The Crescat has an excellent post on domestic violence, based on a tragic situation that erupted very close to her. She brings her own experience into the piece, which gives her a tremendous amount of ethos concerning such scenarios. That said, I will add two cents more.
There are certainly questions of shame, self-esteem, embarrassment, isolation and fear. There are the imagined reactions of neighbours, the family, and co-workers to consider, which often hold people bound. There is also the sheer vulnerability of being weak, poor, and confused -- a person with very limited options. All of these must be surmounted in order to escape. But then what?
I touch on this in my new book -- Set Free: The Authentic Catholic Woman's Guide to Forgiveness. The next step (after grief and the meltdown that are only natural) is forgiveness. A snippet:
[P]rudence will help a woman to distinguish when to remain in a hostile environment and when to leave, or when to bear with the unkindness of others and when she is becoming an enabler—which is hardly Christian. So consider the case of a bitter woman who is tied to an abusive partner by her low self-esteem and no options. In her trapped state, the daily injuries that naturally accrue spiral into one enormous ball of pain. The anger beneath the surface often flares up and borders on rage—so much so that they are both being crushed under the weight of sin.
When forgiveness becomes habitual, prudence can be relied upon, illuminating how to proceed even in the most delicate circumstances. Interestingly, it may become clear that it’s not necessarily the choice but the disposition of the one making the choice; therefore, two women with similar circumstances may each discern a different response, and the same choice made by two women may be an occasion of sin for one and a path to sainthood for the other. That is why, in the introduction to the book, I insisted that I don’t know what the right choice for another may be—and in pretending otherwise I could trample on the Holy Spirit, who does.

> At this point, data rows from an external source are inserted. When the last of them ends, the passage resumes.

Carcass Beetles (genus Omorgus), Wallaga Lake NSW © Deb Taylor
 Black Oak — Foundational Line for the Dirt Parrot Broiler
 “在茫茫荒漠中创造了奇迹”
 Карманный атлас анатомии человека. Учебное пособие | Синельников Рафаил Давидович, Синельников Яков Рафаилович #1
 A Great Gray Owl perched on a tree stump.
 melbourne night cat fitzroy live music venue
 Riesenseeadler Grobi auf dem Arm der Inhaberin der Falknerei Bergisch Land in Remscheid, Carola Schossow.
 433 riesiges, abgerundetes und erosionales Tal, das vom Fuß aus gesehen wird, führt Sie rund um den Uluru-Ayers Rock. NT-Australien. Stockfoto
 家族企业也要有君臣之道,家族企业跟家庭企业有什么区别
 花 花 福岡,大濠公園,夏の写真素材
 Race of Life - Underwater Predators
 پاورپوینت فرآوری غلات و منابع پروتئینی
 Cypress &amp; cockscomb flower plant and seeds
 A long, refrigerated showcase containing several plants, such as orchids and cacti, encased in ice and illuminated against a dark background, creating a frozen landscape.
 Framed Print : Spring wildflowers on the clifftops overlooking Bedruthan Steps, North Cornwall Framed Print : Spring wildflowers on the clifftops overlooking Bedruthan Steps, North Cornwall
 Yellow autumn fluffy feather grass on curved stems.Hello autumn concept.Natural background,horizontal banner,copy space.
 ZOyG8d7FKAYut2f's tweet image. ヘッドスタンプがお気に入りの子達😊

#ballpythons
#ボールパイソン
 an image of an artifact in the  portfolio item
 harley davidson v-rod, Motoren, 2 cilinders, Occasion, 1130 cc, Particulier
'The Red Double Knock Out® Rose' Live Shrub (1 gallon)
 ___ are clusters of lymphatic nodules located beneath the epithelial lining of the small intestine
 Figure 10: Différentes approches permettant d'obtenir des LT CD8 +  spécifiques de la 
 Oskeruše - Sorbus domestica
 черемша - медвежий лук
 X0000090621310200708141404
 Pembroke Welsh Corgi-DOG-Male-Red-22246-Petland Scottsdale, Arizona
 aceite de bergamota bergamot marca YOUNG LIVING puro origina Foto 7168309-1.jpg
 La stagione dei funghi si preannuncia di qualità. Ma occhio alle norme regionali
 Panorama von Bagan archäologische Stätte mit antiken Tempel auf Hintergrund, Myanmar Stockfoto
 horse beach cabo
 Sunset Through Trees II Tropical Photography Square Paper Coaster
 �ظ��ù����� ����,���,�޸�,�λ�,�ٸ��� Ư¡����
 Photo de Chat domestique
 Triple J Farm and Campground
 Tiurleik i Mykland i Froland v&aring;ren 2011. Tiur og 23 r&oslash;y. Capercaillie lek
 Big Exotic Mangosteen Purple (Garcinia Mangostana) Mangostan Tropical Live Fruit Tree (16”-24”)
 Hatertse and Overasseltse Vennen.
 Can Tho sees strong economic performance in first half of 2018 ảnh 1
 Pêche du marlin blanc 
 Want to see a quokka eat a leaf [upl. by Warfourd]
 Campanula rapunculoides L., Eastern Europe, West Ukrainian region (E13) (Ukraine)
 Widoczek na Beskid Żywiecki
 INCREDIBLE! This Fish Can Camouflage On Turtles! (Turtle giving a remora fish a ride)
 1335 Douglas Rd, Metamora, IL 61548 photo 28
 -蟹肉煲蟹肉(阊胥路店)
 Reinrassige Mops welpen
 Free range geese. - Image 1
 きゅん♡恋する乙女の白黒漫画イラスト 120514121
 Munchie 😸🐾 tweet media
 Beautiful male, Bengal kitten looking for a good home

Unless one forgives, one will always lack prudential judgment. I know it is counter-intuitive, but it has been proven over and over -- and it is foundational to our faith. When the woman is freed from a situation like this, she must be helped to forgive or she will continue to wander in the darkness.
Prayers for the victims in Kat's story, and let's pray for the gift of enlightenment when we're close to frightening situations like that one.